What all towns need are ombudsmen who know just what to do and when someone calls, can send the problem to the right office and then follow up to be sure someone does something.

All that having been said – maybe this great cook needs a good business manager.

JVH

Picture of John Van Horn

John Van Horn

5 Responses

  1. “needs a good business manager”
    That sums up the issue right there. The problem with most people trying to open a “Mom and Pop” businesses in a downtown is that they aren’t “business” people in the same sense that someone opening a McDonalds or a PF Changs is. Mom and Pop’s don’t have a manual or a check list to work off of to help them make sure they address issues like loading zones, parking, trash disposal, etc. If the issue isn’t required as part of the permitting process then odds are they aren’t aware of it unless they happen to have previous experience with opening businesses in a downtown setting.
    The City can argue that the signs were in place prior to her opening and she should have been aware of the parking limitations, and they would be right. She can argue that the City knew she would be doing deliveries and other services that would require close parking and shouldn’t have issued her the permits without ensuring those issues were covered, and she would be right. This isn’t about right or wrong, it’s like you said it’s about making it work for everyone.
    At the end of the day somebody has to take responsibility for making sure a business has all their i’s dotted and t’s crossed before they open. I don’t think anybody wants to see more or bigger government. Maybe a simple solution to avoiding situations like this in the future would be for the city to make available a simple checklist for anyone that is thinking of opening a business, a checklist that could include the basics like making sure you have considered parking at the location where you are planning to open. My guess is you could download one off the internet for free, so there shouldn’t be any great cost involved.

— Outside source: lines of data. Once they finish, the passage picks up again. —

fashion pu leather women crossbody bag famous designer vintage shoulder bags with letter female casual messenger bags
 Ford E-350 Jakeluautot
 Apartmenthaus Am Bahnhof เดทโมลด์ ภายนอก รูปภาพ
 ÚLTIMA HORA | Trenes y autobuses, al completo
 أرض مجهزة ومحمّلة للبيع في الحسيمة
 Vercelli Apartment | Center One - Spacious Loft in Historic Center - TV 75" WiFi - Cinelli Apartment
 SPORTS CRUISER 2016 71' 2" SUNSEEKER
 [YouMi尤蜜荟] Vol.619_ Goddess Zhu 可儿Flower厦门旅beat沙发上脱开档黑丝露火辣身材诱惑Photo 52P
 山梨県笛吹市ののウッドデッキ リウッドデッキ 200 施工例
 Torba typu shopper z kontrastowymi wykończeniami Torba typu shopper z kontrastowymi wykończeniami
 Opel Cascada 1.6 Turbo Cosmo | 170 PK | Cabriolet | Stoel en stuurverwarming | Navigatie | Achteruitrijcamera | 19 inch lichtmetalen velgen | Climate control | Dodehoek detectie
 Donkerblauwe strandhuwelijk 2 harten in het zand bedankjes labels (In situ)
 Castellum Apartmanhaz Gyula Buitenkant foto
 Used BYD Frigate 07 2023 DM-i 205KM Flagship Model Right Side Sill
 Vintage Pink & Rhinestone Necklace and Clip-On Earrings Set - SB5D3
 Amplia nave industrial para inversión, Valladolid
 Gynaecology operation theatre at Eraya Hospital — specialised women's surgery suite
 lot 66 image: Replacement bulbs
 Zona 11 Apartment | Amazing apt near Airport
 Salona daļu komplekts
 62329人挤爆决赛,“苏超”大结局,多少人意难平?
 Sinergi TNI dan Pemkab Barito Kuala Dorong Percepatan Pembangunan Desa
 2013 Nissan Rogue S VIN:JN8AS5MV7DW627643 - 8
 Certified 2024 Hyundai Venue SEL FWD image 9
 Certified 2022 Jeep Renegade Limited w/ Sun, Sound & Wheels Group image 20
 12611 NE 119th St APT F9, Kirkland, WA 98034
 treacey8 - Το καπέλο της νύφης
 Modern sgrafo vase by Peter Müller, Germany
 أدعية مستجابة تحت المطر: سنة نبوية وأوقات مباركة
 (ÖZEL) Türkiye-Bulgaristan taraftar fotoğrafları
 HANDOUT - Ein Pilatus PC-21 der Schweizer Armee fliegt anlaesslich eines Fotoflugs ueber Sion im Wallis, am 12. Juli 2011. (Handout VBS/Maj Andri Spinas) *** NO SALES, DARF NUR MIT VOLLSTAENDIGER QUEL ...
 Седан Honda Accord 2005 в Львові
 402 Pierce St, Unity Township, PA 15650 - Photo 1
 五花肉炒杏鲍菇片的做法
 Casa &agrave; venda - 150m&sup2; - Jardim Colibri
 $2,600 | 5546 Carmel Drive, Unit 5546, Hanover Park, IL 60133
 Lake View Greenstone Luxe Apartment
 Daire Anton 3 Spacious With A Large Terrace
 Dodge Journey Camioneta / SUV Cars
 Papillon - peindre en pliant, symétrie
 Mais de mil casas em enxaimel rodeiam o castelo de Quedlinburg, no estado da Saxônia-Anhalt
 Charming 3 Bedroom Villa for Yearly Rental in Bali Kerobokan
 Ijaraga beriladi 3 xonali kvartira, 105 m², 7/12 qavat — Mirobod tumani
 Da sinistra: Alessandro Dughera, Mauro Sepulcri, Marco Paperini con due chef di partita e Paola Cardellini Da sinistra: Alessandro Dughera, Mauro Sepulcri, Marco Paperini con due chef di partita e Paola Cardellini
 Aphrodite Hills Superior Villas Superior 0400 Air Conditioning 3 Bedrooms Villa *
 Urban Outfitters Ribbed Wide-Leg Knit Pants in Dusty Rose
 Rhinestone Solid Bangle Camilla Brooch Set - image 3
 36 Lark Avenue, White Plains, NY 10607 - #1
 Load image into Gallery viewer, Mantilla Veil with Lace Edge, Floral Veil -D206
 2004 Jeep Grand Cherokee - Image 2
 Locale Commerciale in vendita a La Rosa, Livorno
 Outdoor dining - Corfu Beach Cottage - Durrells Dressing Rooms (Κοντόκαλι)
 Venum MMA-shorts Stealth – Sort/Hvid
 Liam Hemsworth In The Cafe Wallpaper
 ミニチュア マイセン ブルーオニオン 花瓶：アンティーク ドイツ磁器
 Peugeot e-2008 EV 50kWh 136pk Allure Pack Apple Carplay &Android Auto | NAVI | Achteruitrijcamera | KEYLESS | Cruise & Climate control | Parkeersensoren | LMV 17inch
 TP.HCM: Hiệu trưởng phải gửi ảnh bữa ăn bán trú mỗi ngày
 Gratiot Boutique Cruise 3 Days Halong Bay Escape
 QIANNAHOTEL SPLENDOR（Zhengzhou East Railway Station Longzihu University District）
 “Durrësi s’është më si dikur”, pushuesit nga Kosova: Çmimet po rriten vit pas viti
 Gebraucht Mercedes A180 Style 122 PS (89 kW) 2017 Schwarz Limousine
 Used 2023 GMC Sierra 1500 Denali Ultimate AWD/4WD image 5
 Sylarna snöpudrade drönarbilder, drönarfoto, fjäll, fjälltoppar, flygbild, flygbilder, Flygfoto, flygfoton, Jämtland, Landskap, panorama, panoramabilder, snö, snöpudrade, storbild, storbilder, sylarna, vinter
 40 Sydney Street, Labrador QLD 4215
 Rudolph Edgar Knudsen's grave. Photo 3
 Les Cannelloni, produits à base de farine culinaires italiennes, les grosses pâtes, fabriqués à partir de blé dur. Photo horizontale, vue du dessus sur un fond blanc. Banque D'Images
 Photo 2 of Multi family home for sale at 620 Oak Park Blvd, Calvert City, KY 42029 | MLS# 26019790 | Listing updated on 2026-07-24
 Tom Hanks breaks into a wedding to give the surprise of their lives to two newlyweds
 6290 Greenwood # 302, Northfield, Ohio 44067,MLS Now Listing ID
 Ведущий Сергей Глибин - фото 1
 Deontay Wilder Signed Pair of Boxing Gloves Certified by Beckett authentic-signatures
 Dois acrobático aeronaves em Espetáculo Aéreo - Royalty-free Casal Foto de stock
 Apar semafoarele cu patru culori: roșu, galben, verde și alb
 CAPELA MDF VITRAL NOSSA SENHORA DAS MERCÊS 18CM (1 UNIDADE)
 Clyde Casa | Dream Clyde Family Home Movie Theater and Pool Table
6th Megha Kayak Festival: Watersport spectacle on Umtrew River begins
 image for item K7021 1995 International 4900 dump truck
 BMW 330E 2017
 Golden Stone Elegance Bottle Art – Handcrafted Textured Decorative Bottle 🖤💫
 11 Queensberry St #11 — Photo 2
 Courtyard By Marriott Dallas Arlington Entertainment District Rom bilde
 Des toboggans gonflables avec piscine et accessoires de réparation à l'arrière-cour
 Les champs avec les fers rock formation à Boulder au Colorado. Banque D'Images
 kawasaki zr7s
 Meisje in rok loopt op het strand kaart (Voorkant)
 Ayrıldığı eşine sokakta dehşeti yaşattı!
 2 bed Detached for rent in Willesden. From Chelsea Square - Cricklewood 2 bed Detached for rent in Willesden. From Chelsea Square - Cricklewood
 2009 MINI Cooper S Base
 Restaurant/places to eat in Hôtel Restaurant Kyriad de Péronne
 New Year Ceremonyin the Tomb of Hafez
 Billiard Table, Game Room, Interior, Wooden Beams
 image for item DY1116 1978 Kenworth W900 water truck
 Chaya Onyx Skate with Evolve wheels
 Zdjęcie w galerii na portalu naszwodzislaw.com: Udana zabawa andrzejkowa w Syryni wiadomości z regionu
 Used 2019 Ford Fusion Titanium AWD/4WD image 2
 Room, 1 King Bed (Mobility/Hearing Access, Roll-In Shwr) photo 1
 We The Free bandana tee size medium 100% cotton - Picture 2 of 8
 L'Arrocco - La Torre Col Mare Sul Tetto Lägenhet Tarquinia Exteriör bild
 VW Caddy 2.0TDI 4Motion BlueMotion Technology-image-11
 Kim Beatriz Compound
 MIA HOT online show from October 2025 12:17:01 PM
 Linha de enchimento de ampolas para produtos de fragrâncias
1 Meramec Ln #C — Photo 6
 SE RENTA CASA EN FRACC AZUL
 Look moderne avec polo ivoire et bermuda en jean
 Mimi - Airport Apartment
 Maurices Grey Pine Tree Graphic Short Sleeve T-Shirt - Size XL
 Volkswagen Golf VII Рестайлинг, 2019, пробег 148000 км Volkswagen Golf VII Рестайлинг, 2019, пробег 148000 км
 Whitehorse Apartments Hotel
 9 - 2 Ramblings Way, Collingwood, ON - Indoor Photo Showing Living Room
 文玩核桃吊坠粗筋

  2. OK, OK, I agree that the behavior you describe may be typical, but please don’t lump us all in together. There are LOTS of beauracracies that do exactly what you say should be done – you just don’t hear about them because good deeds don’t get reported in the paper.
    There are an awful lot of talented, motivated parking managers and elected officials out there that actually care about making parking situations workable for businesses, students, visitors and residents. They just don’t get recognition in the media, so it’s easy for industry pundits to make a generalization that may not be accurate.

  3. I don’t think anyone was generalizing or “lumping” other than what I said about the typical “Mom and Pop” level of experience with opening a downtown location.
    There are definitely a great many cities out there where they have their act fully together with regards to these types of issues, maybe those of you in that category should develop some sort of “best practices” manual or something. The parking industry has them, as do the various organizations representing downtown organizations (BID’s, Main St Associations, etc).
    The unfortuneate reality is that the press rarely reports anything positive, so most people’s perception of any industry (parking, government, big oil, Walmart, etc) is based on the negative press being generated by stories like the one above.

  4. Brandy, Thanks for keeping me honest…You are right, of course, but I still content the amount of service one receives from a bureaucracy is inversely proportional to the size of the community in which it exists. You folks in Burlington have your act together.